The Roots of Conflict in the Middle East
Only rule of law and a culture of diversity can overthrow autocracy and religious fundamentalism in the Middle East.
One fundamental problem for Middle Eastern countries is that a majority of the rulers are illegitimate. While each country has its own history and trajectory, common patterns prevail across the region: Those in power have not received their positions from a fair and transparent electoral process. They see themselves as above the law and misuse their absolute power.
These autocrats act as a guardian of the people or treat them as an enemy.
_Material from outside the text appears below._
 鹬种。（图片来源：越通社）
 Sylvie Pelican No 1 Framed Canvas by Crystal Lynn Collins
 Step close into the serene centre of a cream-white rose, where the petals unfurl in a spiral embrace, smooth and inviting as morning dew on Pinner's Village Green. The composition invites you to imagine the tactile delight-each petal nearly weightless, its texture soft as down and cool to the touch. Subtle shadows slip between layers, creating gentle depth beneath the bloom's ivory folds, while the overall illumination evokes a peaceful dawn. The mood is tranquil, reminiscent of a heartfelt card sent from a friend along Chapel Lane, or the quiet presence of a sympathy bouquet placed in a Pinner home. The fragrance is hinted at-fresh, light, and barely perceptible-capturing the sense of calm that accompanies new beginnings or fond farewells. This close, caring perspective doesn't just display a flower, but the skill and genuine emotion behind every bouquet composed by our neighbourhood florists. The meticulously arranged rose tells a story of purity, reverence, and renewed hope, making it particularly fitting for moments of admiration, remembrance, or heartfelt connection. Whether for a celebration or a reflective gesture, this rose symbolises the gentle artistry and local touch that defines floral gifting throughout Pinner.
Sets of tribal and religious convictions replace law in many countries in the Middle East and North Africa, and power is fundamentally linked to tribalism or religion.
How have power struggles, religious conflict, discrimination, security issues, colonialism and Western hegemony, values and intervention shaped the Middle East? This author spoke to PhD students, academics and university lecturers to learn more.
Muhammad Waladbagi, a PhD candidate at Durham University working on Turkey-Iraqi Kurdistan relations, states that the modern history of the Middle East has witnessed frequent interstate wars, numerous revolutions, coup d’états, civil wars and economic problems:
“These are signs of fundamental problems in the region’s political culture that at times has set the ruling regimes against their people. It is quite difficult to identify and explain the reasons behind such phenomena in a few sentences as the origins of the problems differ in each specific case, and Middle Eastern states are not homogeneous as they have many differences.”
The role of religion
The feeling of attachment to tribalism and fake patriotism under the umbrella of religion is stronger and more apparent than respect for human rights and pluralism in the Middle East. Patriotism is used as a tool to accumulate wealth and oppress the rights of minorities, while religion and tribalism are often militarized, making the use of violence legitimate and normal.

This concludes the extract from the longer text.